My high school years were very difficult, and I don’t mean in the way that most teenagers struggle with coming of age. These years were painful for me. While I experienced troubles with school before, nothing could prepare me for what was to come.
By the time I was 13 my siblings had left home. It wasn’t an issue, until my mother became seriously ill and my father started drinking heavier than normal. After a couple of years in the hospital, my mother passed away. I ended up alone. But I was also responsible for all aspects of the family farm and high school life.
Like so many teenagers, I had many unspoken struggles and no one to talk to. As you might guess, I made some poor choices. Still, through my strife I learned the value of hard work and found confidence in my ability to get the job done. I also emerged with a deep empathy for young people and the issues they face.

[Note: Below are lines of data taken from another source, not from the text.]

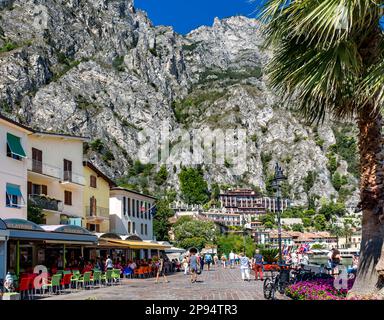 Passeggiata e centro a Limone sul Garda, alle spalle del monte cima di Mughera, 1161m, Lago di Garda, Provincia di Brescia, Lombardia, Italia, Europa Foto Stock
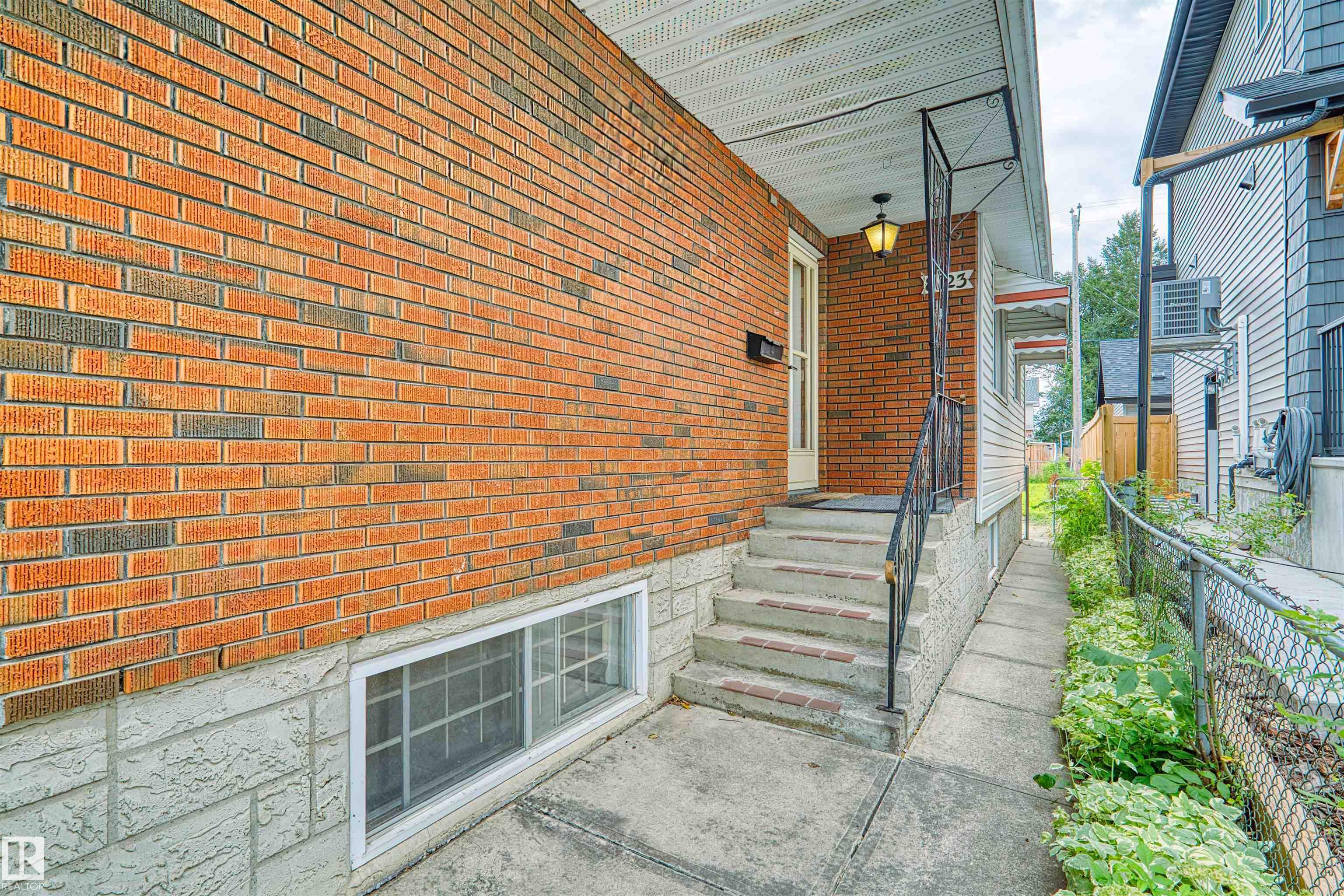Listing photo thumbnail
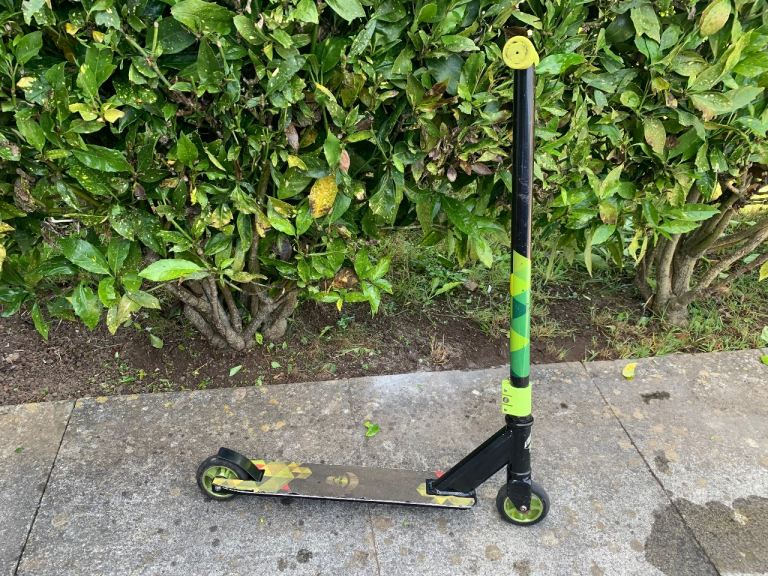 Kids Kick Scooters – Good Condition
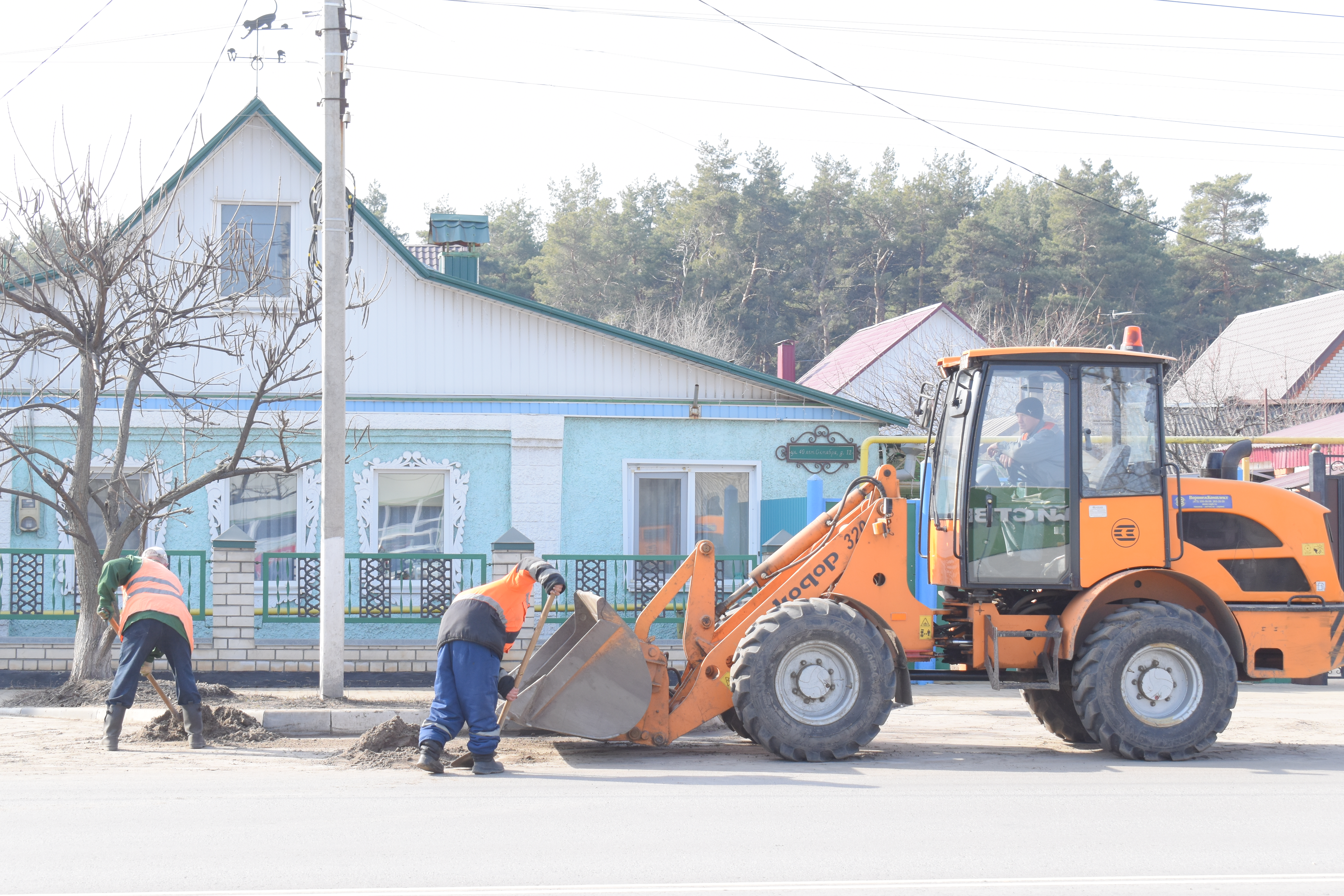 Павловским МУП ЖКХ проводятся работы по уборке улично-дорожной сети города от песка, остатков сорной растительности и мусора..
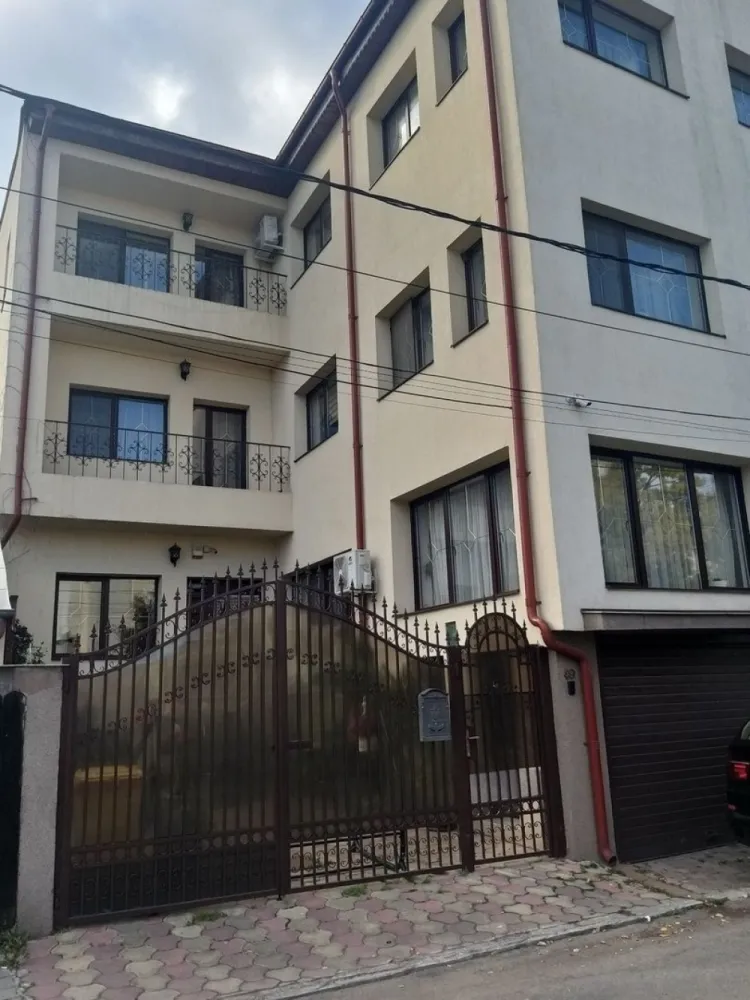 Proprietar Bucuresti 13 Septembrie(Soseaua Anteriana) - Vila este situata in zona 13 Septembrie ( sos Anteriana )Bucuresti Sb+P+Etj1+Etj 2,teren 200mp,amprenta 165 mp, subsol garaj 44mp cu 2 usi deschidere stradala,,parter: living,dining,bucatarie,baie,hol, Etaj 1: 2 dormitoare,birou,baie, hol,balcon, Etaj 2: 3 dormitoare ,baie,hol,balcon,casa este izolata termic foarte bine si robineti termostatati la toate calorifele ,se vinde partial mobilata. Casa poate fi folosita ca sediu firma, Clinica, Gradinita etc, se poate transforma foarte usor in 3 apartamente in suprafata de 125mp parter, etaj1, etaj2 cu intrari separate.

This experience was so formative that it led me to become an educator. Over 41 years, I worked to be as best a mentor as possible—to listen, to respect and to learn. As director of the Clark County Skills Center, I worked with youth whose circumstances were far worse than mine as a kid. Others were much better off, but all of them were carrying heavy burdens while trying to navigate their place in the world. It taught me that we must lift young people up, so they have a better view of their future.
Now, in retirement, I’m still answering my calling. I volunteer in many capacities to protect, support and develop our youth. These organizations, and especially my role as Court Appointed Special Advocate, satisfy my deep desire to help young people whose lives have been turned upside down. I know what it’s like to feel alone at that point, which is why I will continue to volunteer—to help our youth discover the wonderful talents and traits add to this world.